18h15, arrêt à Branbinsk. Sur le quai, du poisson fumé. Appareil photo en bandoulière, je croise deux policiers en uniforme verdâtre, matraque à la main. Pas vraiment engageants. Deux trois mots en russe, un signe de la main, je comprends tout de suite : « Ici, pas de photo ! ». Je continue vers l'avant du train. Il y a sept wagons de voyageurs, y compris le wagon-restaurant entre nous et la locomotive. En comptant les six qui nous séparent de l'arrière, cela doit faire en tout un convoi de 14 voitures, plus une de transport de matériel. En regagnant notre compartiment, je croise les autres voyageurs qui se dégourdissent les jambes sur le quai. Certains passent par dessous le train voisin, à l'arrêt, pour arriver plus vite aux baraquettes métalliques bleues et jaunes et faire leurs achats sans emprunter la passerelle. Autour de moi, tout le monde prend des photos !

De Moscou à Pékin, carnet de voyage du Transsibérien (2)

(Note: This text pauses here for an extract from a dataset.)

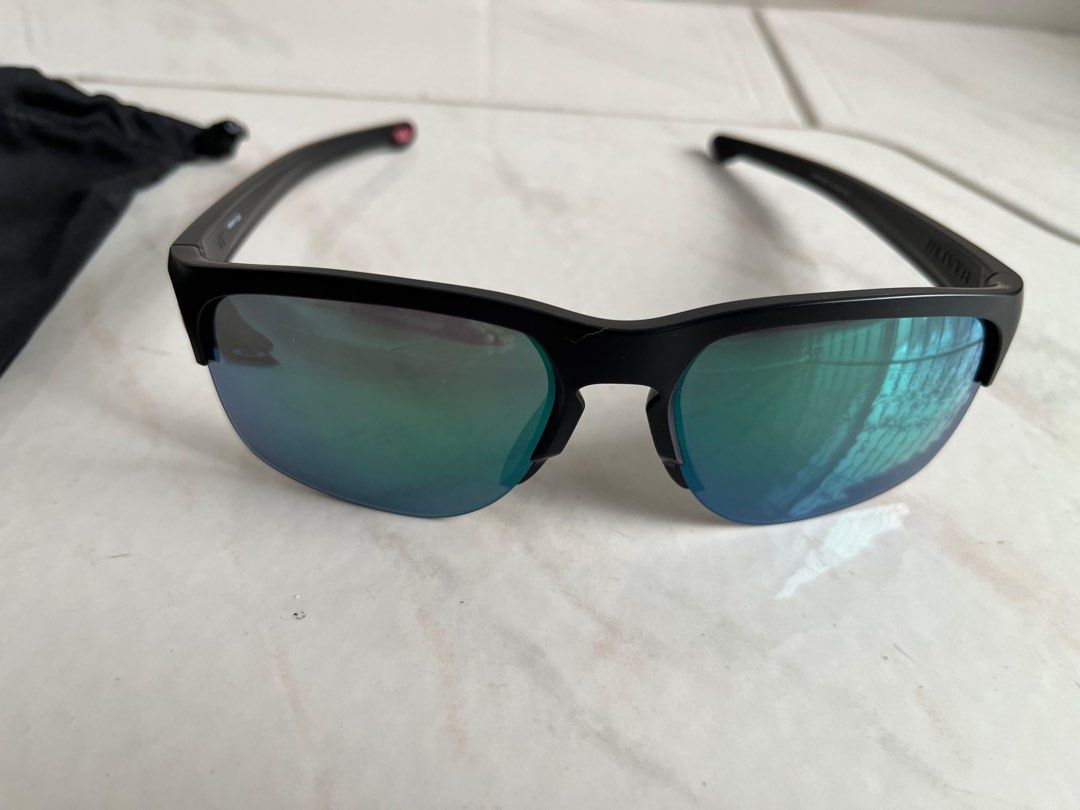 OAKLEY SLIVER PRISM, Men's Fashion, Watches & Accessories, Sunglasses &  Eyewear on Carousell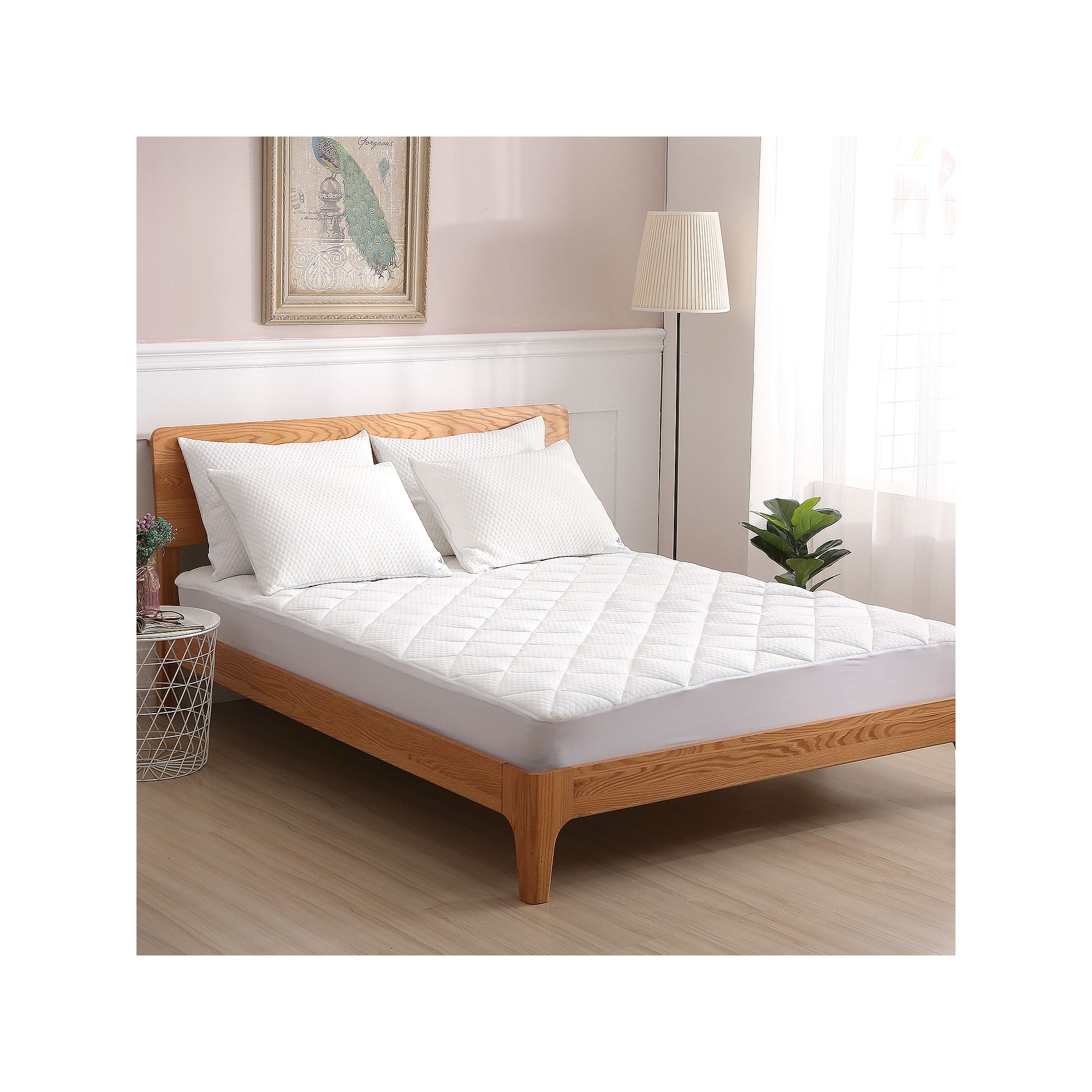 Dream On Cooling Knit Fabric Mattress Pad, White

19h15, véritable apéro improvisé dans le compartiment : vin rouge français « emprunté » à l'ambassade française à Moscou lors de la garden party du 14 juillet, J7 à la pomme de même origine pour Tristan, saucisson fumé du petit déjeuner, tranche de pain noir acheté ce matin sur les quais d'Ishim, chips russes au fromage et petits croûtons de pain au piment. Le tout face à la plaine sibérienne qui défile sous nos yeux. Excellentissime !

 

19h45, après l'apéro, le repas. Direction le wagon-restaurant pour nous quatre. Commande de soupes : « Soup niet ! ». On se retrouve sans trop savoir pourquoi dans l'obligation de commander autre chose. Alors, ce sera des escalopes avec quelques pommes-de-terre sautées, des petits pois toujours froids, des tranches de concombre, un peu de pain noir et bien sûr bières et fanta. Le service est un peu long et la serveuse toujours aussi spéciale. Ce n'est pas très grave, le coucher du soleil sur la campagne sibérienne reste un magnifique spectacle qui écourte l'attente. Autour de nous, la serveuse distribue des soupes aux clients attablés !

 

22h, traversée de l'Ob à Novossibirsk, à 3343 km de Moscou, fleuve d'une largeur impressionnante, trois à quatre fois la Seine au moins, sillonnée d'une multitude de petites

berges. La nuit est déjà tombée lorsque nous arrivons à la gare, la plus grande de Russie. Une rapide visite du hall spectaculaire et nous remontons vite fait dans le wagon. Inutile de prendre trop de risques et de se retrouver plantés sans argent ni passeport dans une ville de deux millions d'habitants.

 

Une partie de yam désormais presque traditionnelle et hop, tous au lit ! Il est déjà 23h. Non, en fait il est minuit ! Peut-être même une heure du matin. Le train file à pleine vitesse dans la nuit noire. Prochaine arrêt à Taïga dans deux heures et demie, puis Marinsk deux heures plus tard . Pas sûr que nous verrons quelque chose ! Dans mes écouteurs, Stravinsky, le Sacre du Printemps.